Re: bad news for US manufacturing
November 09, 2012 11:27AM
Steve(MS) Wrote


-------------------------------------------------------
> I wish but am convinced now more than ever that a
> larger percentage of the population has a
> disconnection with reality.

I have to agree with you on that one!



Edited 1 time(s). Last edit at 11/09/2012 11:28AM by tracyjm.
Re: bad news for US manufacturing
November 09, 2012 11:51AM
Here's some pertinent text from your Forbes link. It appears that Kindle can't, or is unable to do what Apple does every few years. And Apple is an American company. Bottom line: blame Management, not the "American way". Of course, a change in the U.S. tax structure and formula for capital gains (you know, government meddling) would help keep jobs here too...

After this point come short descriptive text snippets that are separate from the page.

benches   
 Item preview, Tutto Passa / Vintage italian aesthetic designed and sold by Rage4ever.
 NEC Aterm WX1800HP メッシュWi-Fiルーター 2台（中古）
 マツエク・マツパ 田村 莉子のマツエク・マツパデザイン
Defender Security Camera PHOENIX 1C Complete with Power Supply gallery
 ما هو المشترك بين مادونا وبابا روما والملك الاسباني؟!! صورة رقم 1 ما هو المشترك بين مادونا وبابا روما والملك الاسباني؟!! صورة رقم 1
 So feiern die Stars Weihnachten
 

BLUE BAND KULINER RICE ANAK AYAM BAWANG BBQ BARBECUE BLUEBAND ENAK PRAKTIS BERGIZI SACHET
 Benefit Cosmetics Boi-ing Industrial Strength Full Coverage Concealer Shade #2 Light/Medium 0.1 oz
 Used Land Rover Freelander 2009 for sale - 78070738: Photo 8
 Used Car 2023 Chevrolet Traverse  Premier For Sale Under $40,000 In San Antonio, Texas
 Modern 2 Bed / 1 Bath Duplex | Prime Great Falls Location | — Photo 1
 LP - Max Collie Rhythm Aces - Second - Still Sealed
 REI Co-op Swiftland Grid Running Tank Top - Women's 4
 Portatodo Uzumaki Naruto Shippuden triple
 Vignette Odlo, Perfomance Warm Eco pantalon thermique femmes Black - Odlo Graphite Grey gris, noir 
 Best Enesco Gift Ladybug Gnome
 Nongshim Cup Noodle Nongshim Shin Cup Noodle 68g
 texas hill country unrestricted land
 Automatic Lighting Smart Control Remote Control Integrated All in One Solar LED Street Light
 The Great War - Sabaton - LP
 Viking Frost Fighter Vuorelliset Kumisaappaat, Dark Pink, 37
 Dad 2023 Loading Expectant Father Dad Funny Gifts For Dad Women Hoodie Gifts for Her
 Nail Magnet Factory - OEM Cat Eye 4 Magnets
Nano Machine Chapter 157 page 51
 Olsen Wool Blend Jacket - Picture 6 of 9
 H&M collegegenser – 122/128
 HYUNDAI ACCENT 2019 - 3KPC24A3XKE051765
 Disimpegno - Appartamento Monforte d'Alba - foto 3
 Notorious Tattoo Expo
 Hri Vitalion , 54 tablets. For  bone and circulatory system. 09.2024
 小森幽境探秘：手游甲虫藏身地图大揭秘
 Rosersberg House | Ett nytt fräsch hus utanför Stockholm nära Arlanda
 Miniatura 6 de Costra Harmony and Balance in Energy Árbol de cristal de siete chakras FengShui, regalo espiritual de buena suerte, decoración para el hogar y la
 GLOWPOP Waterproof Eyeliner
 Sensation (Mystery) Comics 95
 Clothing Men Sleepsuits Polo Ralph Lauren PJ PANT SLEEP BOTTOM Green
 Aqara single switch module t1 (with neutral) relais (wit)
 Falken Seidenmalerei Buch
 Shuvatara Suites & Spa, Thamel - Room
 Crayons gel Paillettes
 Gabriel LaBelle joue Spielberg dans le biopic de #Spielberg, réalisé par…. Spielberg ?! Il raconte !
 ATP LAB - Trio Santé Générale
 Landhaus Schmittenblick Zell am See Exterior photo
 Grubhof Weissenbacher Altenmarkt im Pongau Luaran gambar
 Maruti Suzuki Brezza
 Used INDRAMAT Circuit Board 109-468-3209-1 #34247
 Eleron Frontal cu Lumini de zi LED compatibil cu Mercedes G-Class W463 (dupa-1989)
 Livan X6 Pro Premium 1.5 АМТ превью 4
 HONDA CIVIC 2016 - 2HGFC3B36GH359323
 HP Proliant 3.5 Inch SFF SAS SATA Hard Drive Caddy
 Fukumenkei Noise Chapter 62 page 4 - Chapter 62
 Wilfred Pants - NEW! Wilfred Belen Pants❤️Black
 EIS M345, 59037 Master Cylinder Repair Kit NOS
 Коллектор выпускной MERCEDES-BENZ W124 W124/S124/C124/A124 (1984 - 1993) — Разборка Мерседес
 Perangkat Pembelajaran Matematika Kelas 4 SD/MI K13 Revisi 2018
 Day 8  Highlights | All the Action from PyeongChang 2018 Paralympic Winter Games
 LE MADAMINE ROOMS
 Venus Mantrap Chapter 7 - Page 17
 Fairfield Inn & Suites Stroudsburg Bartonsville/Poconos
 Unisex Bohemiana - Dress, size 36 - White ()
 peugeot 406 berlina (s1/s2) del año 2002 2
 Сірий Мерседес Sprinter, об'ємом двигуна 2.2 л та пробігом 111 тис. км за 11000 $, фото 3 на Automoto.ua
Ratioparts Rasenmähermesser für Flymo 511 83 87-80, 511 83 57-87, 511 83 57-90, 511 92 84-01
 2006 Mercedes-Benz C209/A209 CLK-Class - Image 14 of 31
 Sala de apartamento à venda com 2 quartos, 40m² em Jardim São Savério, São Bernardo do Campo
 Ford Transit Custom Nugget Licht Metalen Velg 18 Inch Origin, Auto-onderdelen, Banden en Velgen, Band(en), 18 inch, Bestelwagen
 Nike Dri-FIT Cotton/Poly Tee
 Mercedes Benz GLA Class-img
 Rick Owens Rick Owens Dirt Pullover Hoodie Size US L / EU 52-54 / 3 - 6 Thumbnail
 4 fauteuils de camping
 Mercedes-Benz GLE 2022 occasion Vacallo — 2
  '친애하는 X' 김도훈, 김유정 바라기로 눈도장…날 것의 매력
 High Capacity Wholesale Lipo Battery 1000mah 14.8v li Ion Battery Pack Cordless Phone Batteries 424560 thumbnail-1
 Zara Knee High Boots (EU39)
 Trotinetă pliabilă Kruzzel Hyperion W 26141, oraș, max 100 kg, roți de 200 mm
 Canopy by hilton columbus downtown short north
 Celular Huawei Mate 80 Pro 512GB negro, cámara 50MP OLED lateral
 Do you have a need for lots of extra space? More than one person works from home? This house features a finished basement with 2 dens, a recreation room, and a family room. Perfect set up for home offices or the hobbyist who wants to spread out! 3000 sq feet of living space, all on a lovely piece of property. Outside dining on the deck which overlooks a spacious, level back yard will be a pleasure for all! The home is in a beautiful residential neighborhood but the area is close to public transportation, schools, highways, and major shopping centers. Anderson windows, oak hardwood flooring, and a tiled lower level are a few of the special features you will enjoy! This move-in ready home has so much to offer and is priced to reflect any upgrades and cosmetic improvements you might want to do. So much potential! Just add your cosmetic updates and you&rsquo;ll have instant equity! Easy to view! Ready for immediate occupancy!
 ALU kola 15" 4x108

The U.S. has lost or is on the verge of losing its ability to develop and manufacture a slew of high-tech products. Amazon’s Kindle 2 couldn’t be made in the U.S., even if Amazon wanted to:

- The flex circuit connectors are made in China because the US supplier base migrated to Asia.
- The electrophoretic display is made in Taiwan because the expertise developed from producting flat-panel LCDs migrated to Asia with semiconductor manufacturing.
- The highly polished injection-molded case is made in China because the U.S. supplier base eroded as the manufacture of toys, consumer electronics and computers migrated to China.
- The wireless card is made in South Korea because that country became a center for making mobile phone components and handsets.
- The controller board is made in China because U.S. companies long ago transferred manufacture of printed circuit boards to Asia.
- The Lithium polymer battery is made in China because battery development and manufacturing migrated to China along with the development and manufacture of consumer electronics and notebook computers.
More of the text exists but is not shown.